**Source material:**
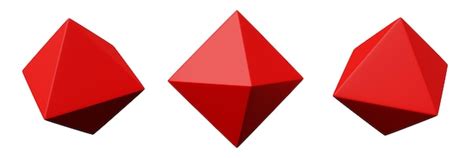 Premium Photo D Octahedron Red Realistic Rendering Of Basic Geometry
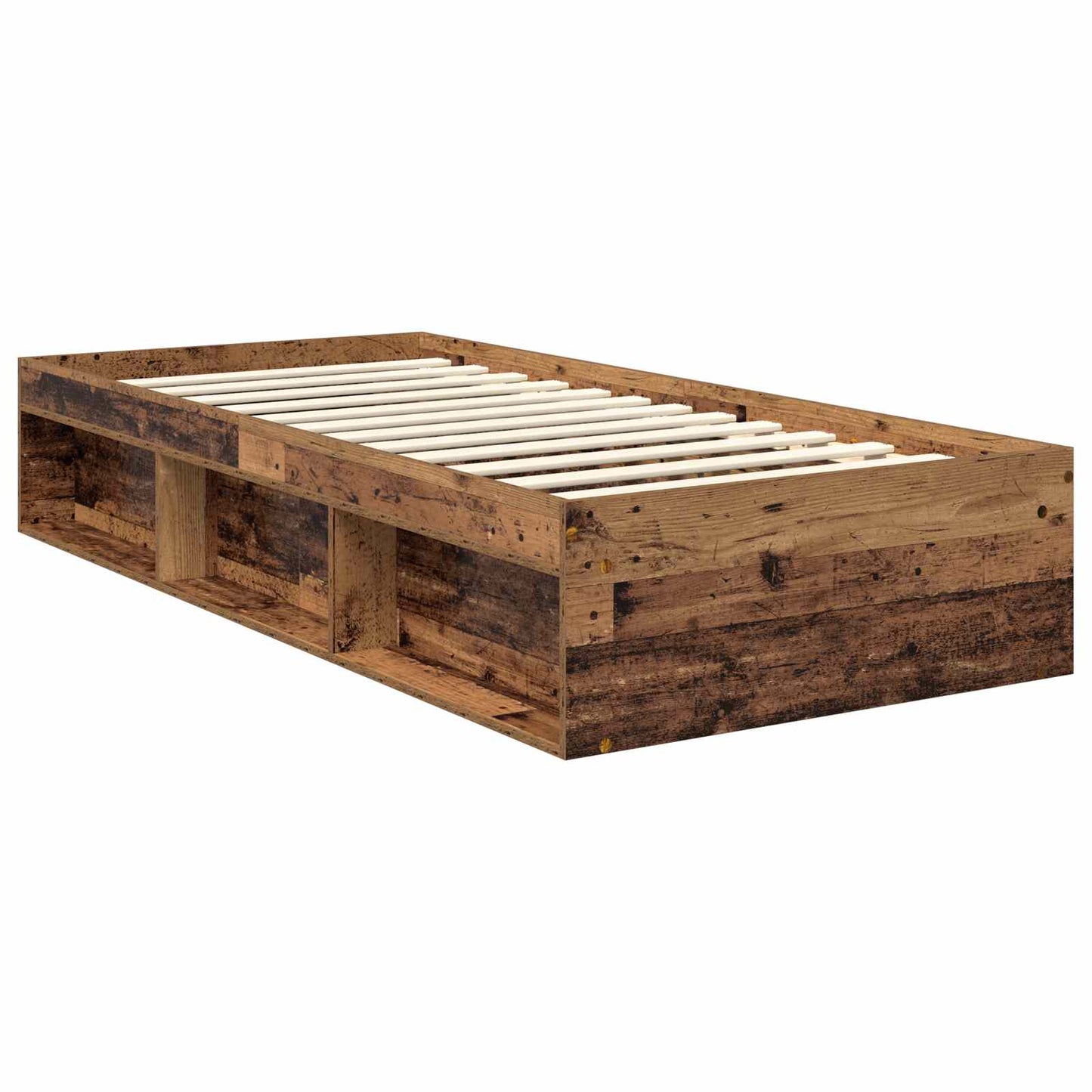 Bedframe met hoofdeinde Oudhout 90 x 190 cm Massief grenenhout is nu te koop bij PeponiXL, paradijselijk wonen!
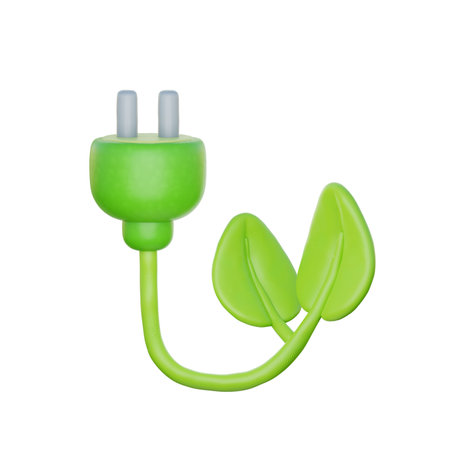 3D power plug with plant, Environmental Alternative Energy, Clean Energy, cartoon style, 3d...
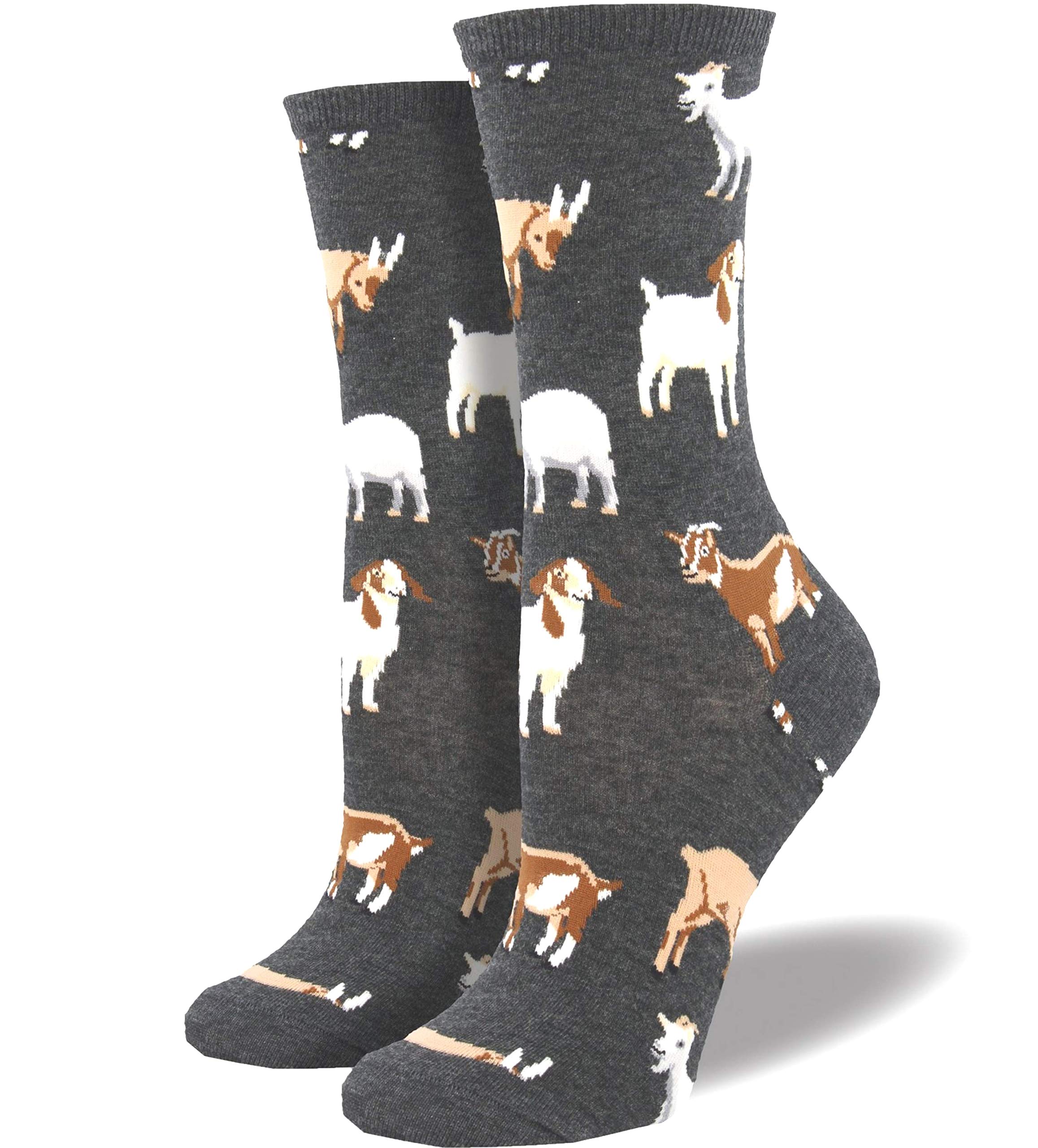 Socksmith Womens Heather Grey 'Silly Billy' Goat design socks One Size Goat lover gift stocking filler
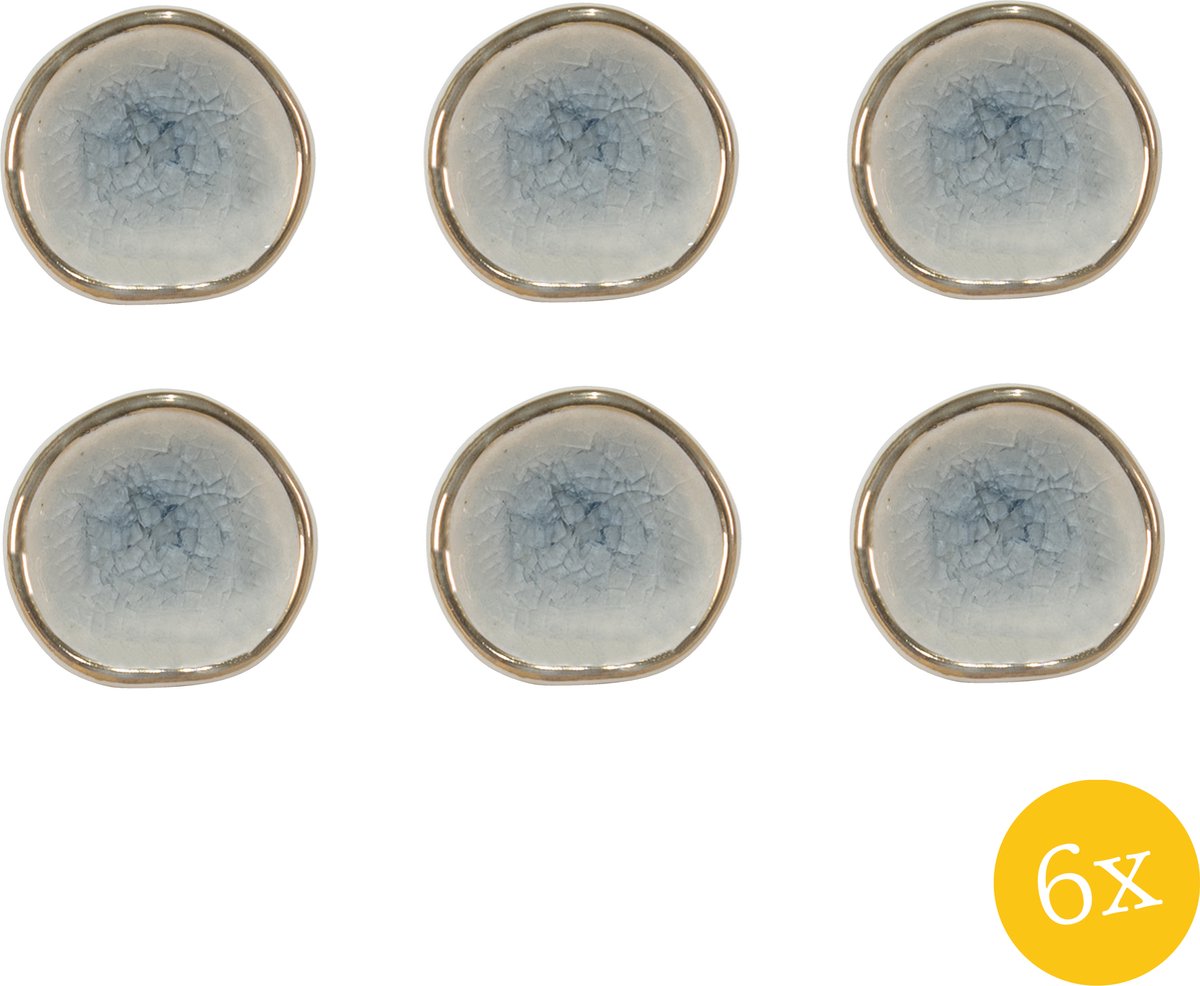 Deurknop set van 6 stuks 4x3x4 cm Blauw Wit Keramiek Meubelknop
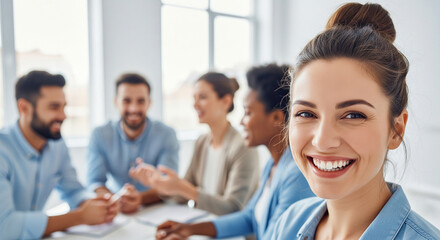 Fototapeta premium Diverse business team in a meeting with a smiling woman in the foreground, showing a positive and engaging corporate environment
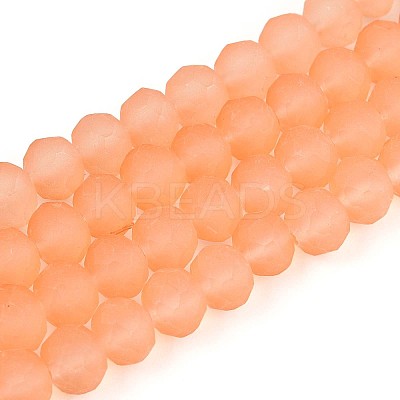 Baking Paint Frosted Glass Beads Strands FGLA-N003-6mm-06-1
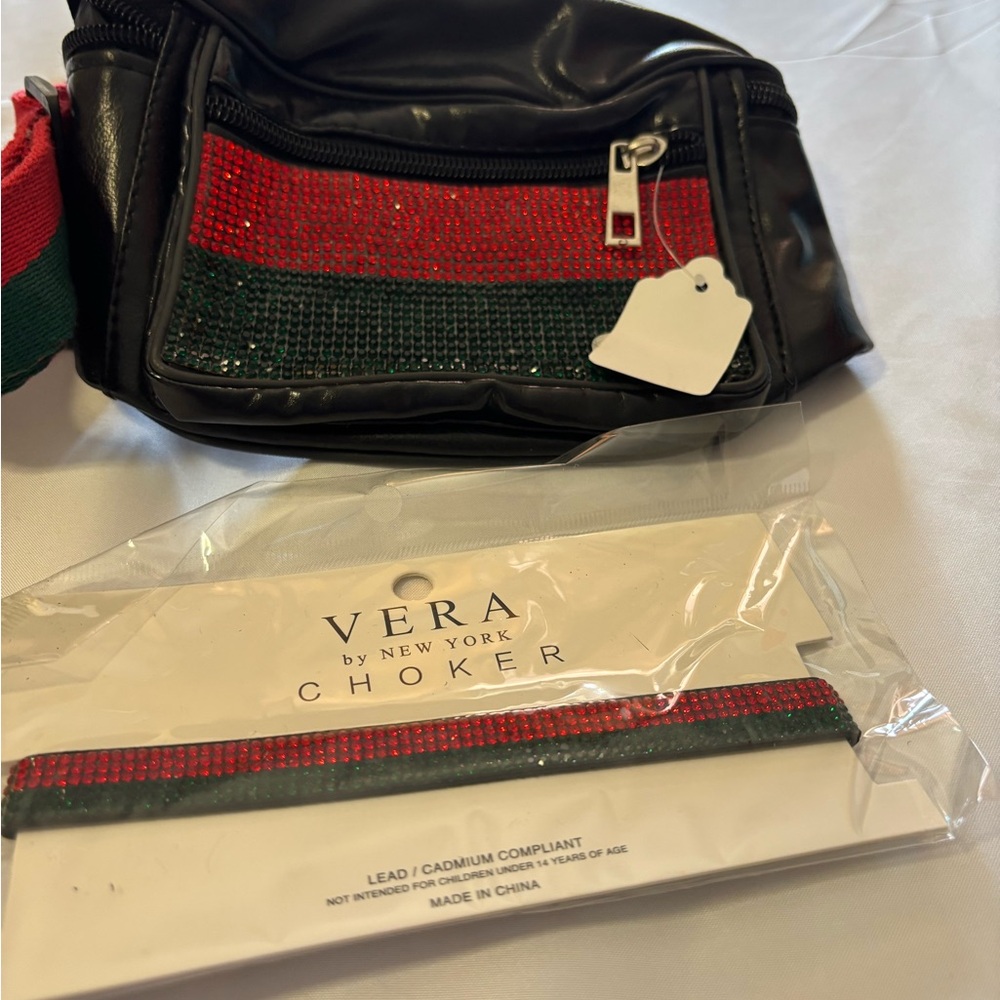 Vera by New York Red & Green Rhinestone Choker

**Work to complete:** Write out the lines of the material from the one containing "Deurknop set van" through the last, exactly and only those. Leave every picture out.

**Result:**
 Deurknop set van 6 stuks 4x3x4 cm Blauw Wit Keramiek Meubelknop
 Fototapeta premium Diverse business team in a meeting with a smiling woman in the foreground, showing a positive and engaging corporate environment
 Baking Paint Frosted Glass Beads Strands FGLA-N003-6mm-06-1
 Vera by New York Red & Green Rhinestone Choker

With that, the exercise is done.